Z tego względu, jak podaje „Rzeczpospolita”, jeszcze w lutym 2013 roku PARPA powiadomiła o działalności sklepu Kondrata prokuraturę. Następnie do śledczych wpłynęły zawiadomienia dotyczące czterech innych sklepów. We wszystkich przypadkach prokuratury albo umarzały postępowania, albo w ogóle odmawiały ich wszczęcia.

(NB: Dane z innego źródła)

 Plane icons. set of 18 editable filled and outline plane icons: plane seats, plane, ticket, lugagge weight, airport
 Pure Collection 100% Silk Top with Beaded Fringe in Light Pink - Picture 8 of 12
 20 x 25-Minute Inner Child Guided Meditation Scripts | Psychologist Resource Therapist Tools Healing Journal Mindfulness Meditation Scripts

Ministerstwo Gospodarki zapowiedziało już, że prawo zostanie przystosowane do współczesnych potrzeb. Krzysztof Brzózka, dyrektor PARPA, korzystając z okazji, poskarżył się zaś „Rzeczpospolitej” na złą wolę prokuratury, która najwidoczniej nie podziela zaniepokojenia agencji.
źródło: „Rzeczpospolita”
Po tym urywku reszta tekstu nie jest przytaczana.